A questo punto il racconto s'incentra di più su Gesù. Ora è Lui che si trova ad assumere la situazione di marginalità; perché la sua fama si diffonde e non può più stare in luoghi abitati, «ma rimaneva fuori in luoghi deserti». La condanna del lebbroso ricade su di Lui: è così che Gesù toglie i mali dall'uomo, assumendoli su di sé, come rivelavano già le Scritture antiche (cfr. Mt 8,17). Le guarigioni non sono un tocco magico, ma un reale coinvolgimento del Signore con la povertà dell'uomo, fino a toglierla all'uomo e a viverla Lui.

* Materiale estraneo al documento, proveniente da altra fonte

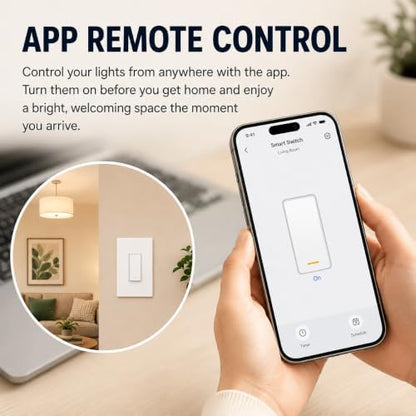 Smart Switch for Light 1 Gang, Neutral Wire Required, 2.4GHz Wi-Fi Switch Compatible with Alexa and Google Home, UL Certified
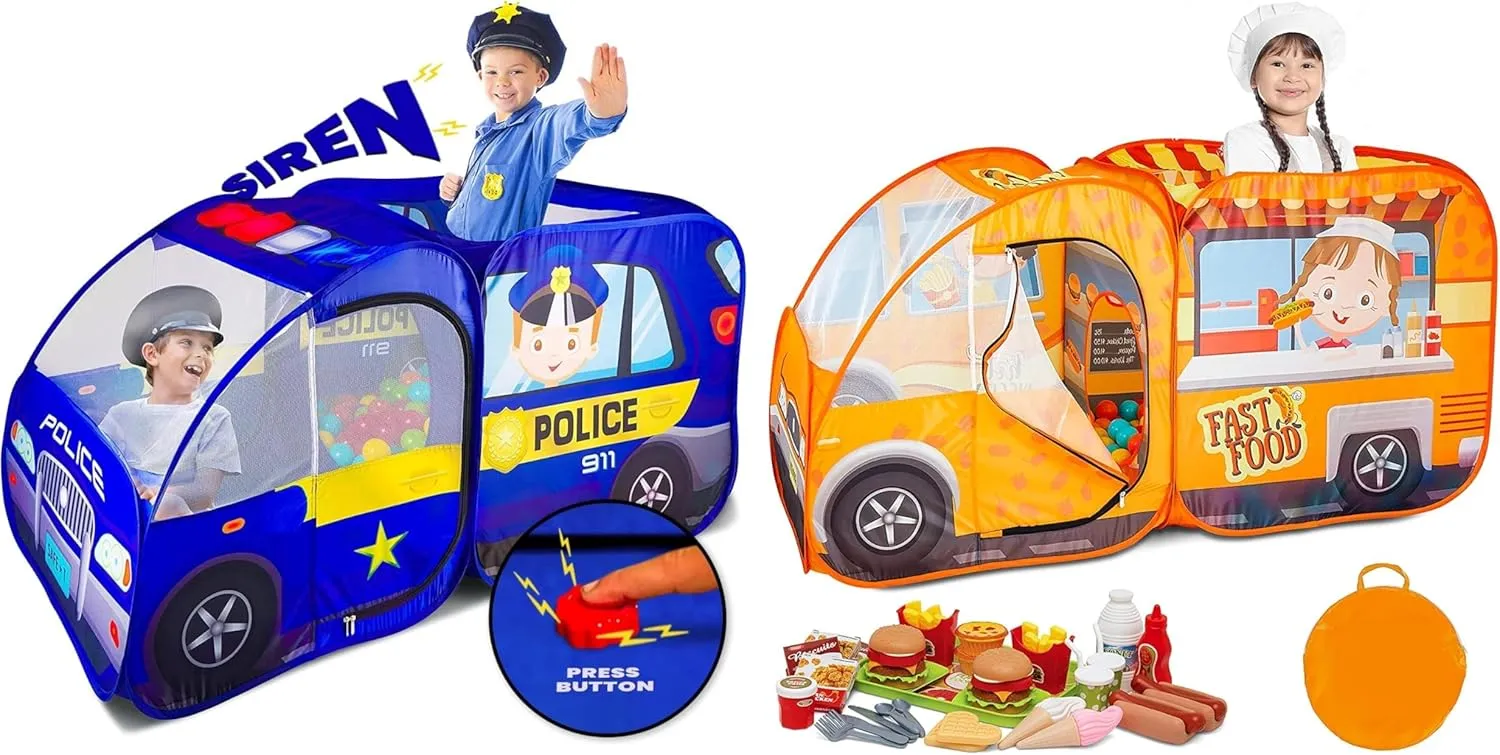 Interactive Play Tent Bundle: Police Car & Food Truck for Endless Imaginative Adventures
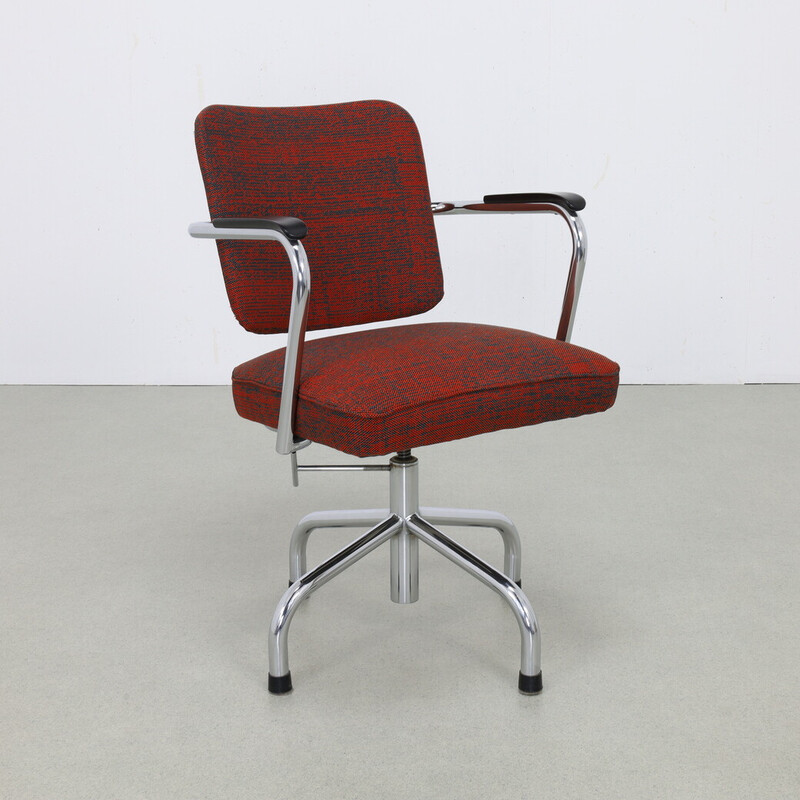 Vintage office chair with metal ottoman by Paul Schuitema for Fana, 1960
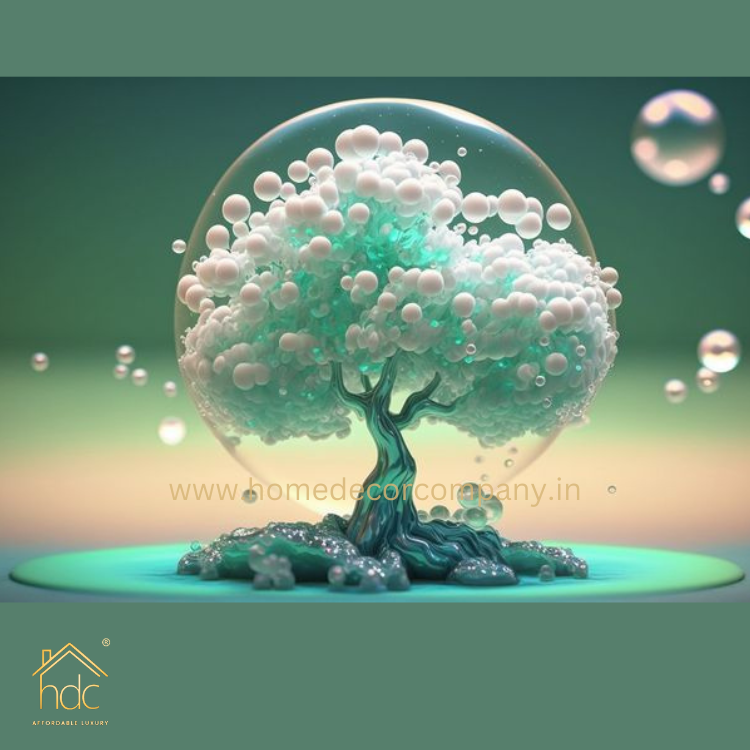Hdc Creative Decorative Painting Of White Bubble Tree Modern Living Room Frames Picture Wall Art Large Hanging Painting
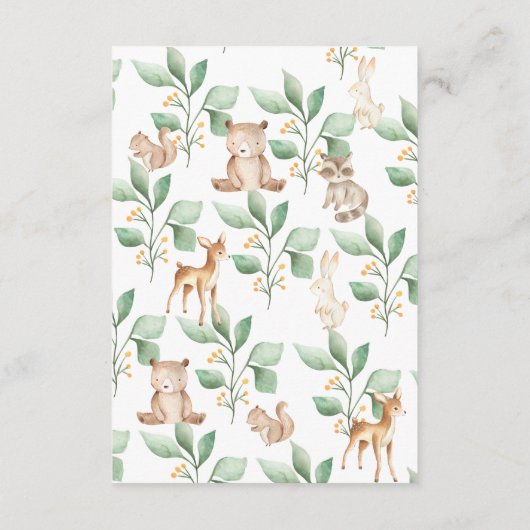 Woodland Forest Dieren Boek voor Baby Kaart (Achterkant)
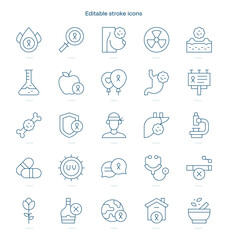 Cancer Day stroke icon. Cancer Day line icon set. editable stroke icon pack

Ma questo Gesù così messo i margini è una figura che continua ad attirare sempre più: «Venivano a lui da ogni parte». Sono i piccoli, i poveri, i bisognosi che lo cercano. Chi ha vesti di lusso se ne rimane comodo nei palazzi (cfr. Lc 7,25). Ma andare da Gesù comporta condividere la sua stessa condizione di marginalità.
Oggi i discepoli del Signore devono opporsi e lottare contro l'emarginazione delle persone (soprattutto a causa della razza). E devono prendere coscienza che questo comporta una loro inevitabile emarginazione. Perché la deriva attuale è quella del rifiuto di ogni compromissione con gli altri e dell'esclusione di chi è considerato diverso. Ma solo lì, nei luoghi marginali del rifiuto, potremo trovare Gesù, Lui, il primo rifiutato perché si prende cura dei rifiutati.